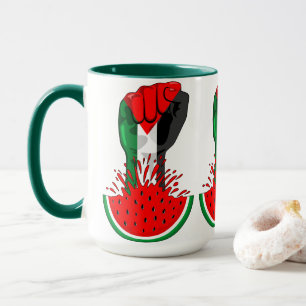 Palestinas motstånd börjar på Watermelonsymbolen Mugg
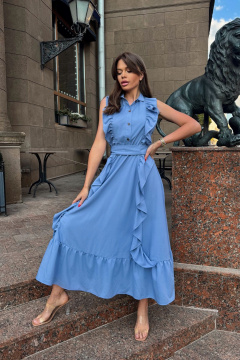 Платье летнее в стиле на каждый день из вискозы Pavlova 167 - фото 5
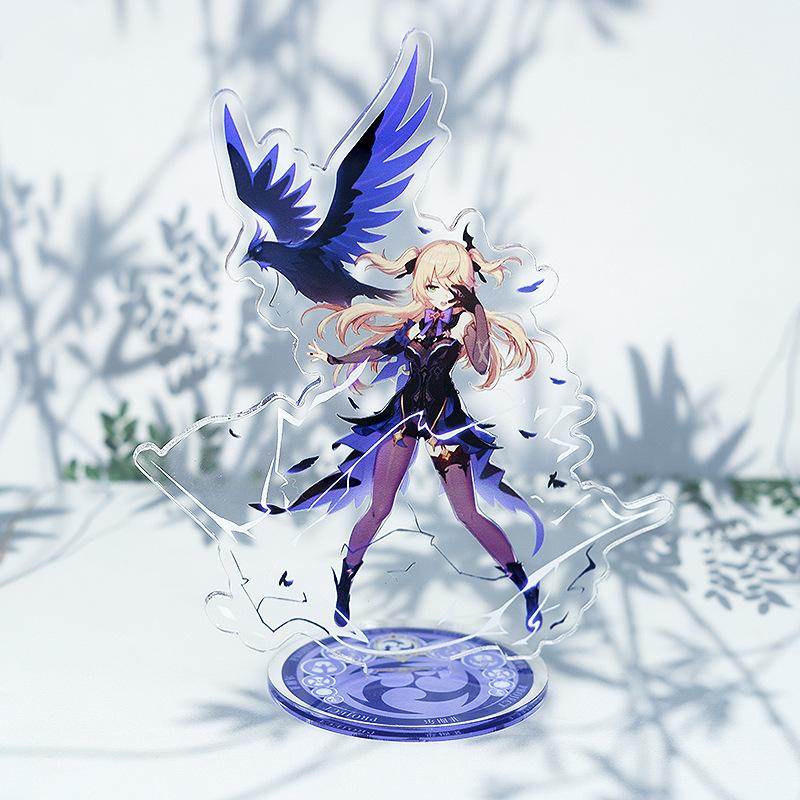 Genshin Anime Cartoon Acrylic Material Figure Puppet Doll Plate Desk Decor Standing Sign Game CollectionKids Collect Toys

---

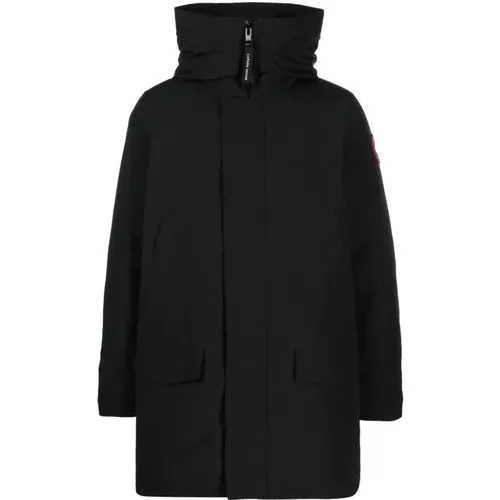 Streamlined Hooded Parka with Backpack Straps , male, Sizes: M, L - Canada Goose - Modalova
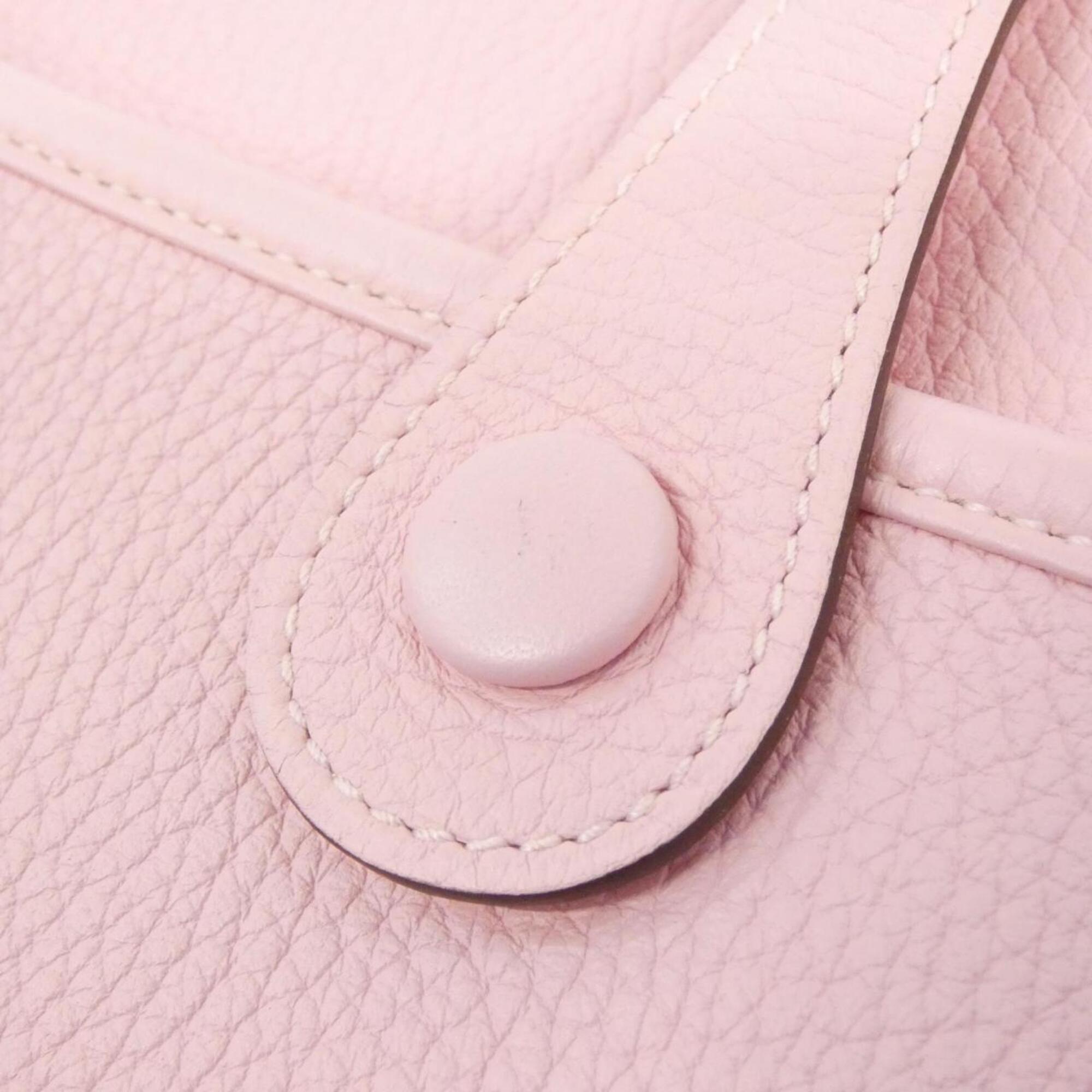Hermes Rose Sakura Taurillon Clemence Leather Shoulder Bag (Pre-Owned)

▸ **About this exercise**
Set the pictures aside and reproduce exactly the lines above, from the line holding "Palestinas motstånd börjar" through the line holding "Genshin Anime Cartoon", both included, with nothing else.

▸ **Exercise output**
 Palestinas motstånd börjar på Watermelonsymbolen Mugg
 Платье летнее в стиле на каждый день из вискозы Pavlova 167 - фото 5
 Genshin Anime Cartoon Acrylic Material Figure Puppet Doll Plate Desk Decor Standing Sign Game CollectionKids Collect Toys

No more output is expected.